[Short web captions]
• • • • •
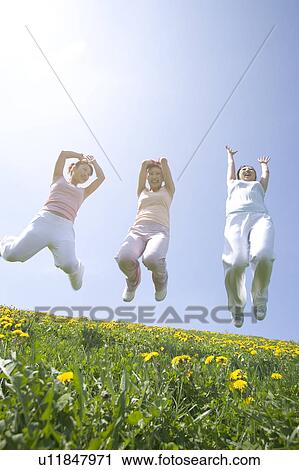 Three young women jumping in field View Large Photo Image Stock Image - Three young women jumping in field. Fotosearch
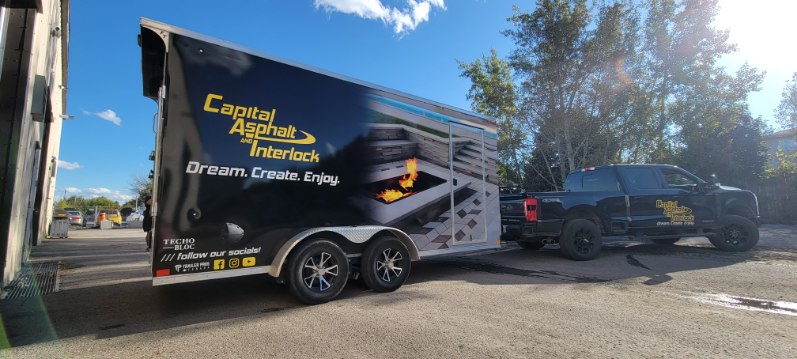 Commercial trailer wrap for Capital Asphalt and Interlock being towed by a branded pickup truck, showcasing fleet vehicle graphics and mobile advertising.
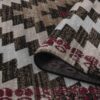 Geometric patterned rug with folded edge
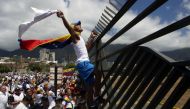Supporters of Venezuelan opposition leader Juan Guaido take part in a march in Caracas, on February 23, 2019. AFP / Cristian Hernandez 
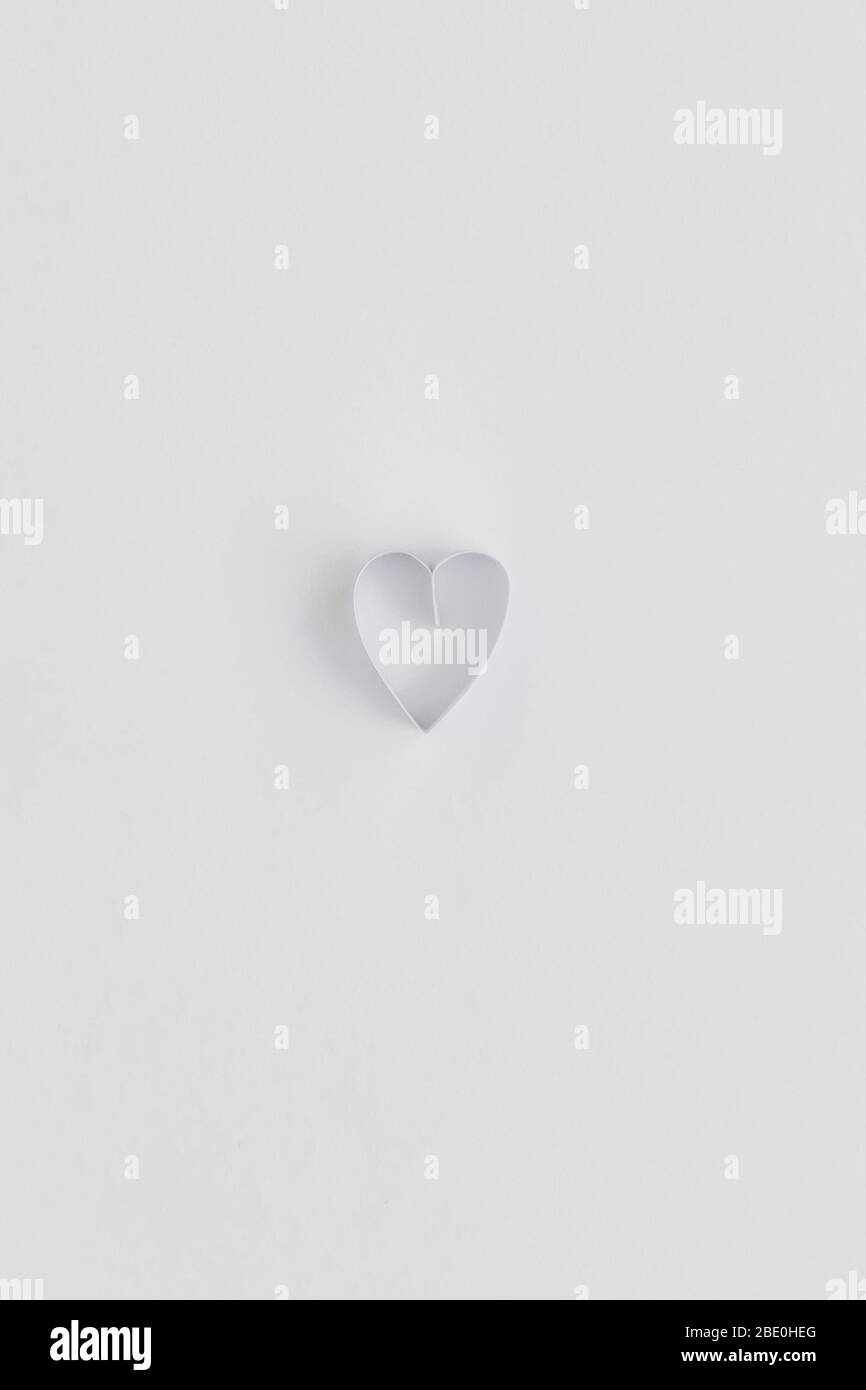 Un solo cuore fatto con striscia di carta annodata su bianco Foto Stock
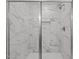 Modern shower with marble-style tile and glass door at 35 Diamond Creek Dr, Zebulon, NC 27597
• • • • •
> [Try it]
Could you reproduce every record above exactly, leaving out the pictures?

> [Reply to the task]
 Three young women jumping in field View Large Photo Image Stock Image - Three young women jumping in field. Fotosearch
 Commercial trailer wrap for Capital Asphalt and Interlock being towed by a branded pickup truck, showcasing fleet vehicle graphics and mobile advertising.
 Geometric patterned rug with folded edge
Supporters of Venezuelan opposition leader Juan Guaido take part in a march in Caracas, on February 23, 2019. AFP / Cristian Hernandez 
 Un solo cuore fatto con striscia di carta annodata su bianco Foto Stock
 Modern shower with marble-style tile and glass door at 35 Diamond Creek Dr, Zebulon, NC 27597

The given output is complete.